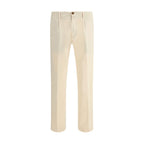 Cream Cotton Casual Pants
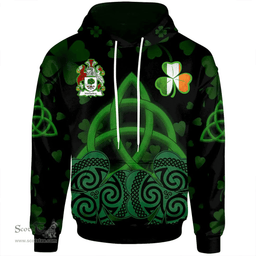 ScotsTee Shop Irish McCluskey Coat of Arms Irish Hoodie Celtic Knot And Shamrock Black Pattern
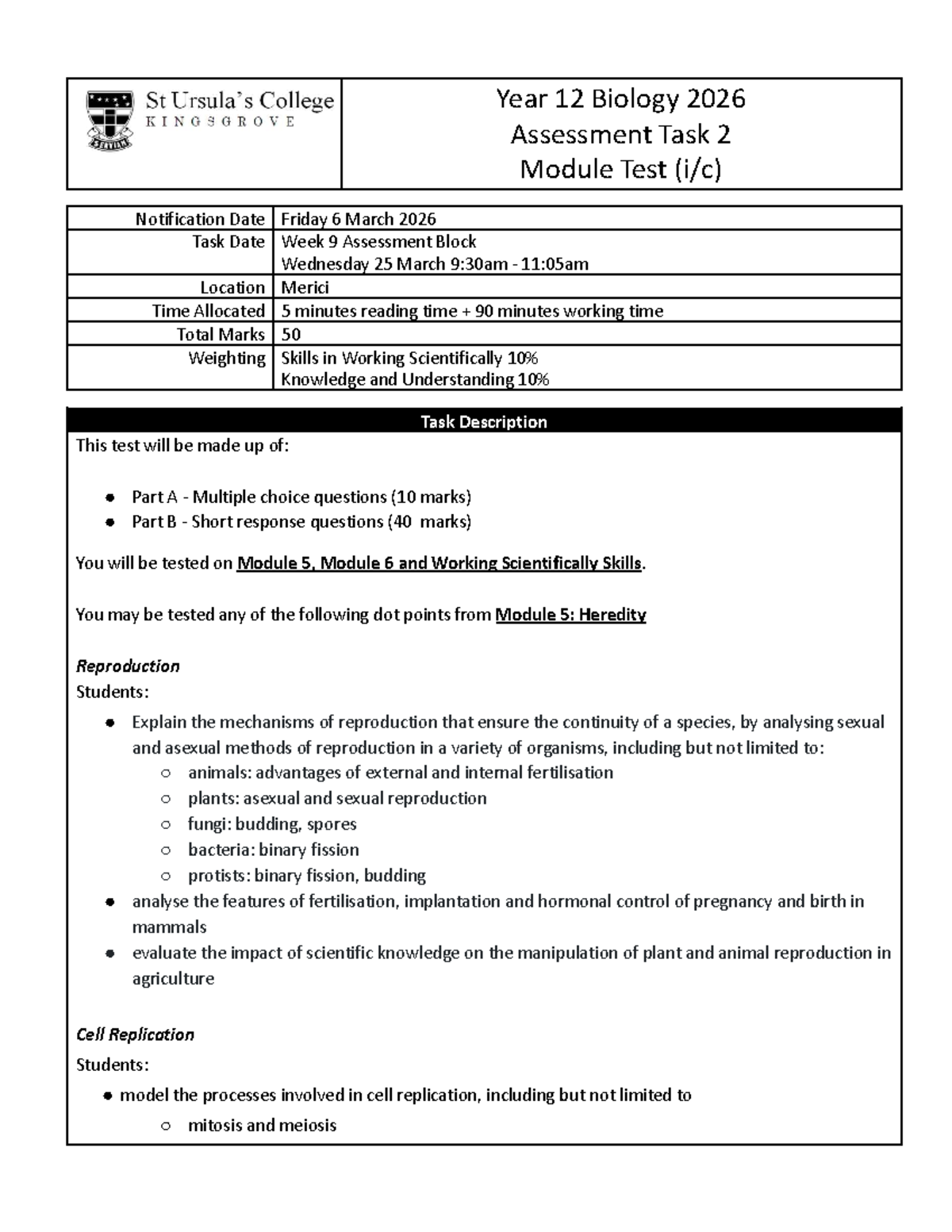 Year 12 Biology 2026 Assessment Task 2 Test Notification - Studocu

▸ **What you should do**: All of the data should be returned word for word, with each picture left out.

▸ **Written solution**:
 Cream Cotton Casual Pants
 ScotsTee Shop Irish McCluskey Coat of Arms Irish Hoodie Celtic Knot And Shamrock Black Pattern
 Year 12 Biology 2026 Assessment Task 2 Test Notification - Studocu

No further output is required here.